Start of Data excerpts

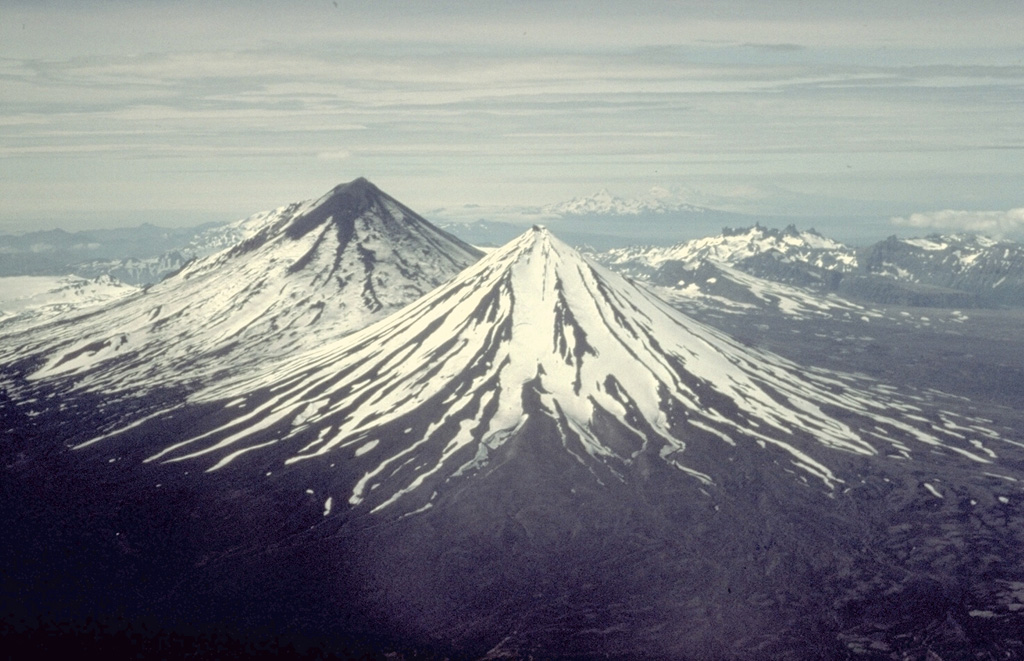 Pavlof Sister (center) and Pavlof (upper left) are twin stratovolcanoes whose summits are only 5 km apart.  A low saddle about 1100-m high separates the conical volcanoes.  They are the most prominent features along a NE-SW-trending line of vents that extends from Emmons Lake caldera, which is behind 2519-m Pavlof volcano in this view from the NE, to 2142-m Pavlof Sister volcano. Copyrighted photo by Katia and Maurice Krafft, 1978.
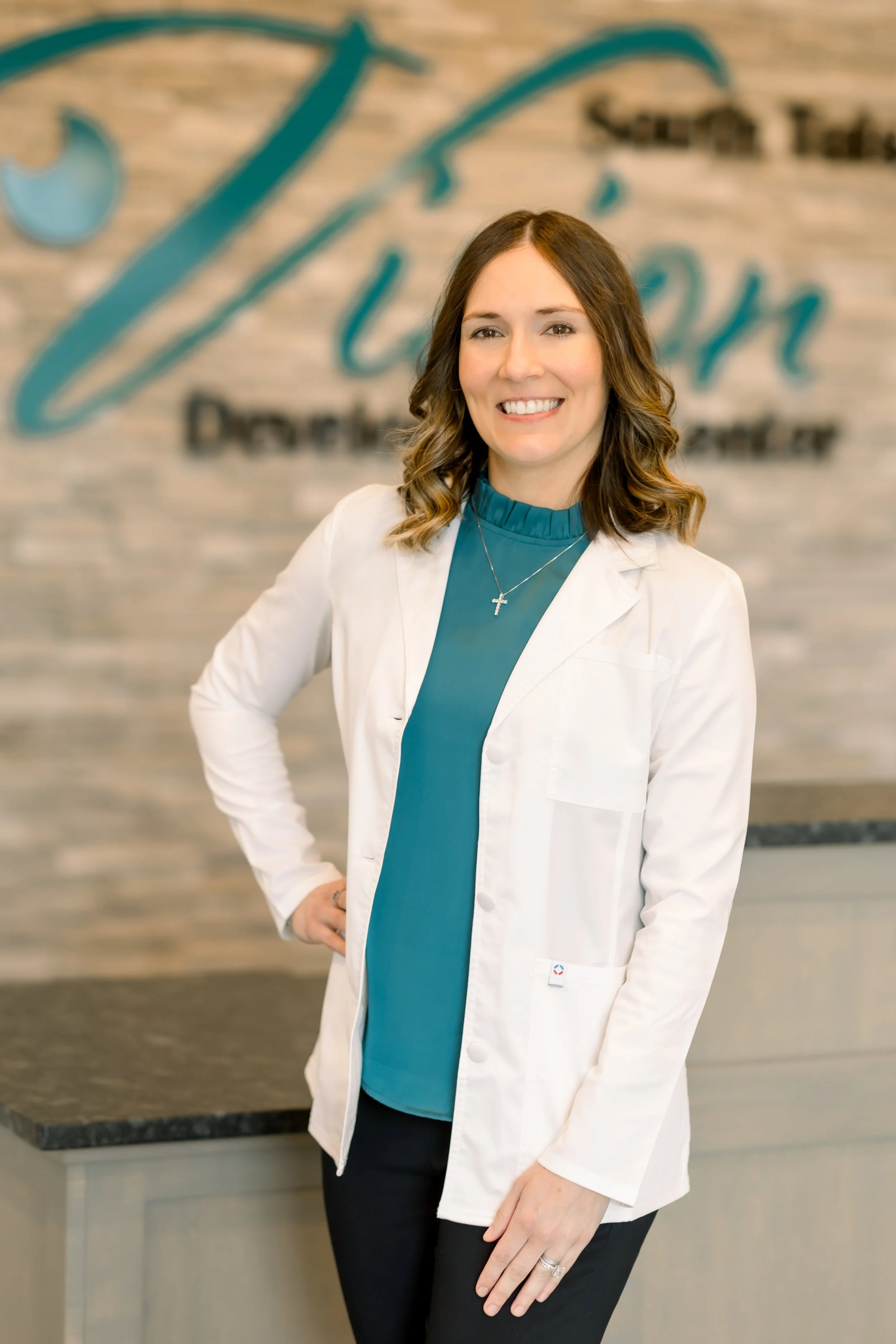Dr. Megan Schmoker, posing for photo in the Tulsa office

End of Data excerpts
Start of Data excerpts

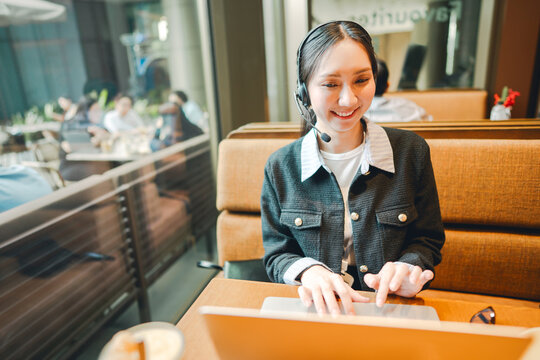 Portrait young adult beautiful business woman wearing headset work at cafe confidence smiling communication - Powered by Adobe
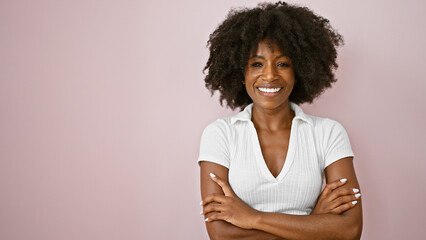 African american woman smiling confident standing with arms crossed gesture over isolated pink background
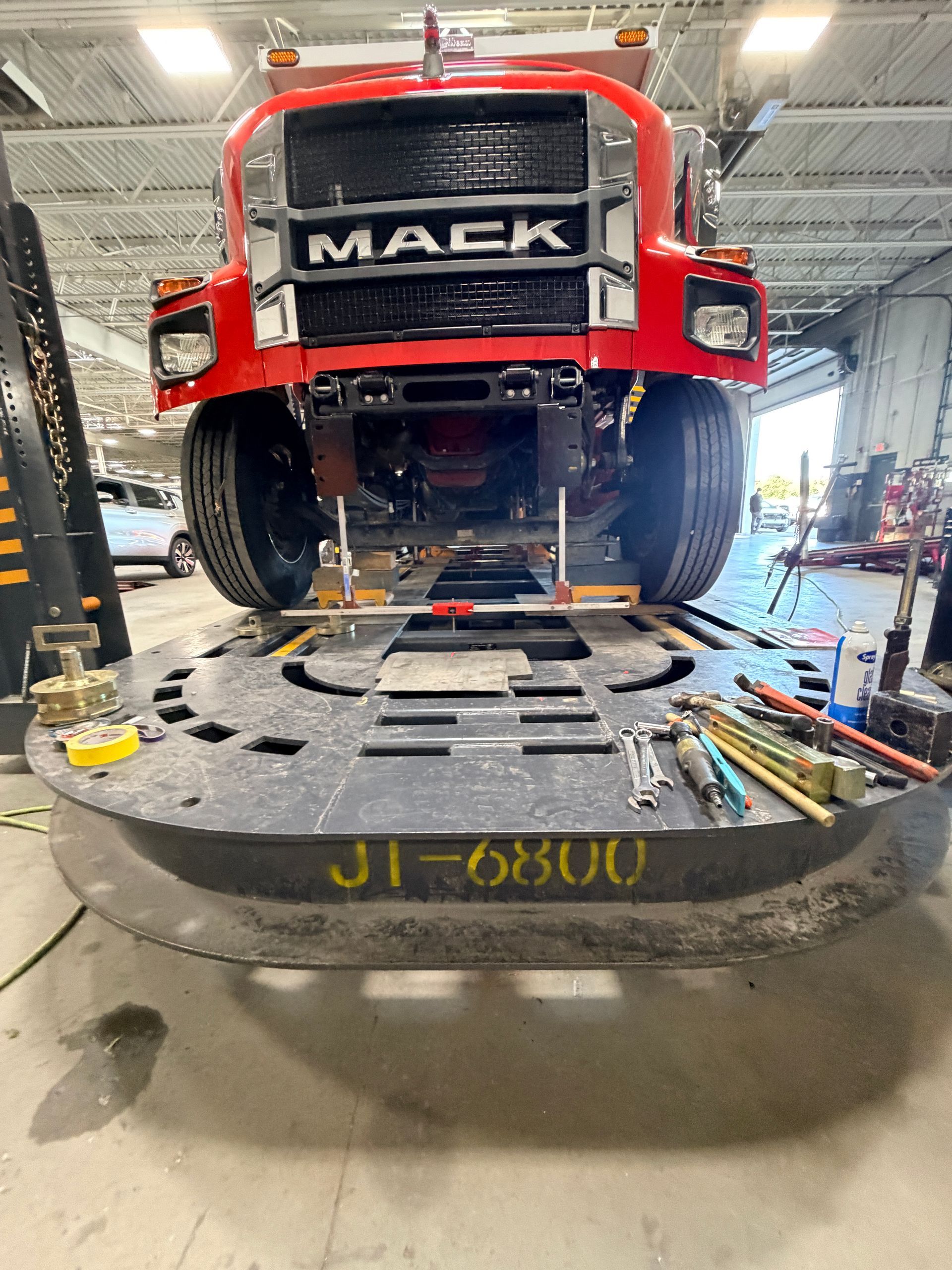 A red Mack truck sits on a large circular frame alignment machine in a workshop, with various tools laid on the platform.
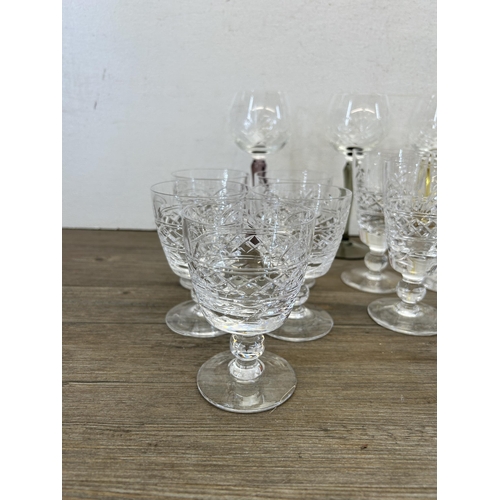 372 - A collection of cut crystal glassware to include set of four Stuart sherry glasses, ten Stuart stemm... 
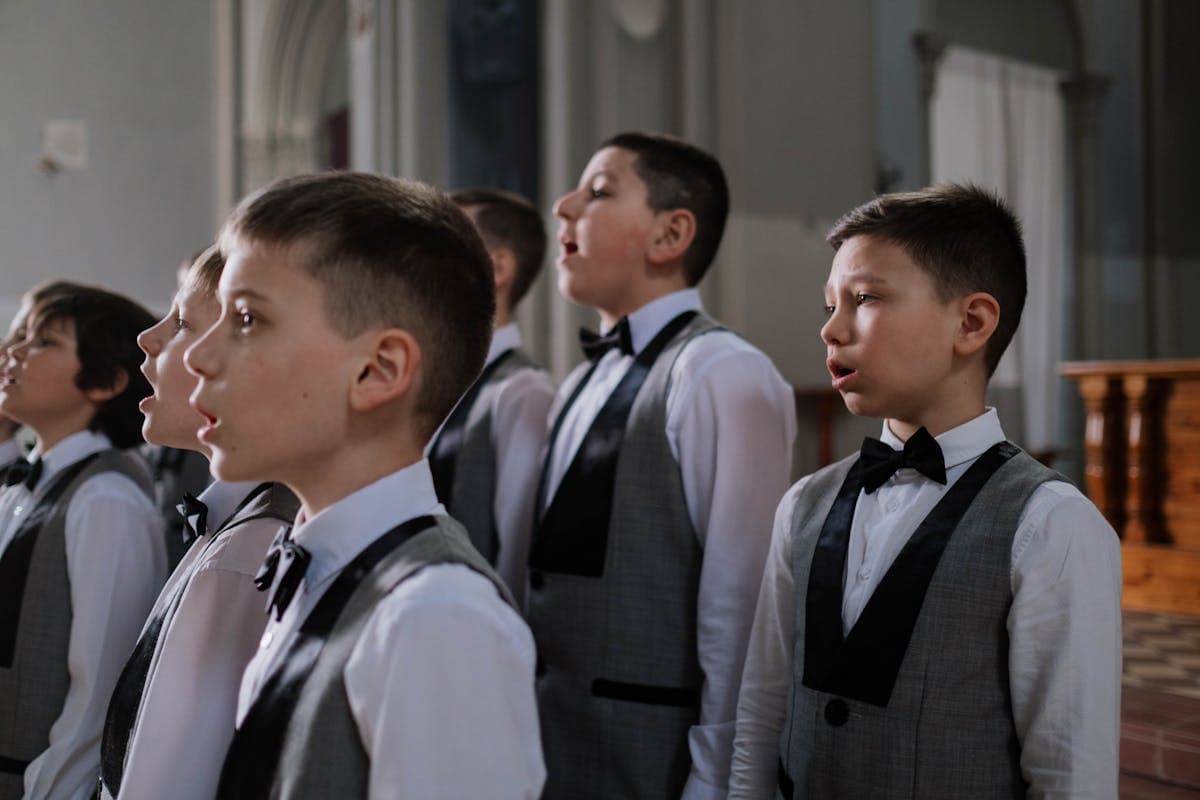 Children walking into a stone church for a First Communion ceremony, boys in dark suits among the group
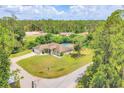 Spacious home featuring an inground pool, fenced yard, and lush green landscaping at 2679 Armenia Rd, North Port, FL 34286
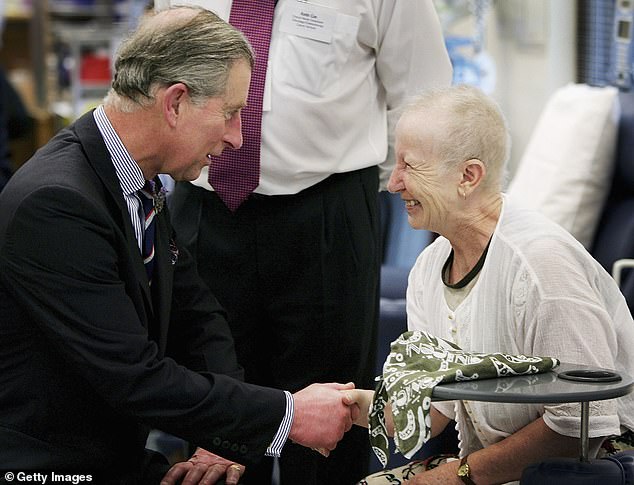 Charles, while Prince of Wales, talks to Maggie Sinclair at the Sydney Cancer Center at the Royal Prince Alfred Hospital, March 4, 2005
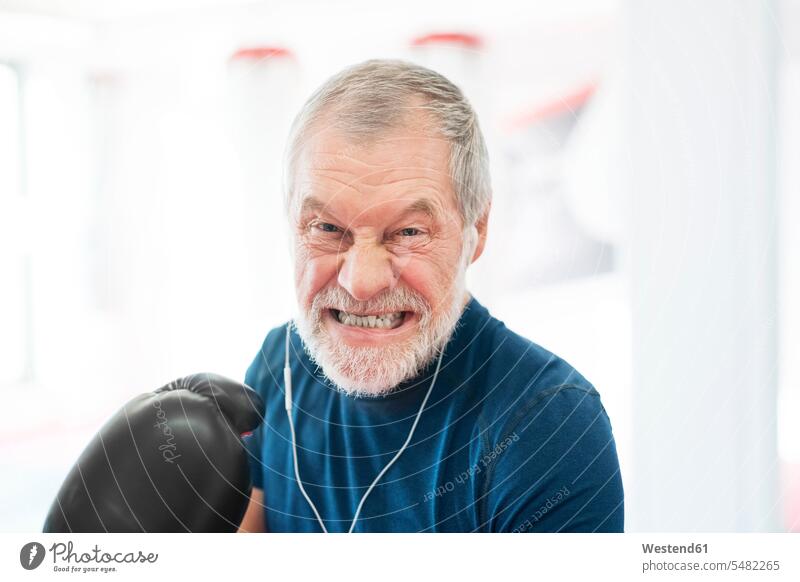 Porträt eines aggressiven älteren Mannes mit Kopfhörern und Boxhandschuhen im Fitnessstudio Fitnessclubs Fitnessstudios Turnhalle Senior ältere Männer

End of Data excerpts

= Task description =
Reproduce, exactly and only, the lines of the records above starting at the line with "372 - A collection" and ending at the line with "Porträt eines aggressiven", both included. Leave every picture out.

= Task solution =
 372 - A collection of cut crystal glassware to include set of four Stuart sherry glasses, ten Stuart stemm... 
 Children walking into a stone church for a First Communion ceremony, boys in dark suits among the group
 Spacious home featuring an inground pool, fenced yard, and lush green landscaping at 2679 Armenia Rd, North Port, FL 34286
 Charles, while Prince of Wales, talks to Maggie Sinclair at the Sydney Cancer Center at the Royal Prince Alfred Hospital, March 4, 2005
 Porträt eines aggressiven älteren Mannes mit Kopfhörern und Boxhandschuhen im Fitnessstudio Fitnessclubs Fitnessstudios Turnhalle Senior ältere Männer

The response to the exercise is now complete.